The Justice Department said Kejia Wang acted as a US-based manager for the network after travelling to Shenyang and Dandong in China in 2023 to meet overseas actors, including a former classmate he knew was from North Korea. He then supervised at least five facilitators in the United States who hosted hundreds of company laptops in their homes. Zhenxing Wang was described as one of those facilitators, receiving laptops and helping overseas workers connect to them through keyboard-video-mouse switches and other remote-access hardware.
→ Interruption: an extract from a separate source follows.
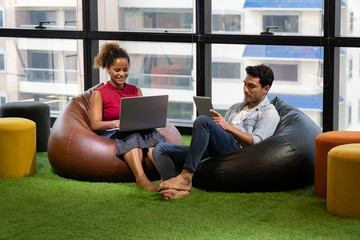 group of creative designers brainstorming together in coworking space . comfortable position . Business man and young African American woman sitting on sofa presenting in  Modern office . drink coffee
Authorities said the two men also created shell businesses, including Hopana Tech LLC, Tony WKJ LLC and Independent Lab LLC, to make the overseas workers look like employees of legitimate American companies. Those entities, prosecutors said, had no genuine staff or operations and were used to channel millions of dollars from victim companies before much of the money was transferred abroad. The defendants and four other US-based facilitators collectively received nearly $700,000 for their roles, while the court ordered the two men to forfeit $600,000, of which $400,000 had already been recovered by the government as of Wednesday’s announcement.
The case underlines why US officials have shifted from treating the North Korean IT-worker problem as a sanctions issue alone to framing it as a corporate-security and national-security threat. Prosecutors said workers placed through the scheme gained access to sensitive employer data and source code, including export-controlled technical information governed by International Traffic in Arms Regulations at a California defence contractor developing artificial-intelligence-based equipment. The unauthorised access to those files took place between January and April 2024, according to the department.
That broader threat picture has been building for months. Reuters reported in May 2024 that federal prosecutors had described a separate North Korea-linked network infiltrating more than 300 US firms, including banks and Fortune 500 companies, while using stolen identities and US-based laptop farms to conceal the workers’ true locations. The State Department said at the time that one such scheme had generated at least $6.8 million, and prosecutors warned that some attempts had also targeted US government agencies.
Since then, the crackdown has accelerated. A January 2025 Justice Department indictment described North Korean IT workers as part of a years-long plot to evade sanctions and raise money for the regime, while a July 2025 sentencing in Arizona sent Christina Marie Chapman to prison for more than eight years over a separate scheme that authorities said touched more than 300 companies and generated more than $17 million. Federal officials announced in November 2025 that the cases were being pursued under a joint National Security Division and FBI effort aimed at domestic enablers of North Korean revenue generation.
Treasury has also tightened financial pressure. On 12 March 2026, the Office of Foreign Assets Control sanctioned six individuals and two entities over state-directed North Korean IT-worker fraud, saying such operations generated nearly $800 million in 2024 to support weapons of mass destruction programmes. That figure suggests the laptop-farm cases reaching US courts may represent only one slice of a much larger transnational financing system that blends identity theft, fake corporate fronts, remote work platforms and, increasingly, cryptocurrency channels.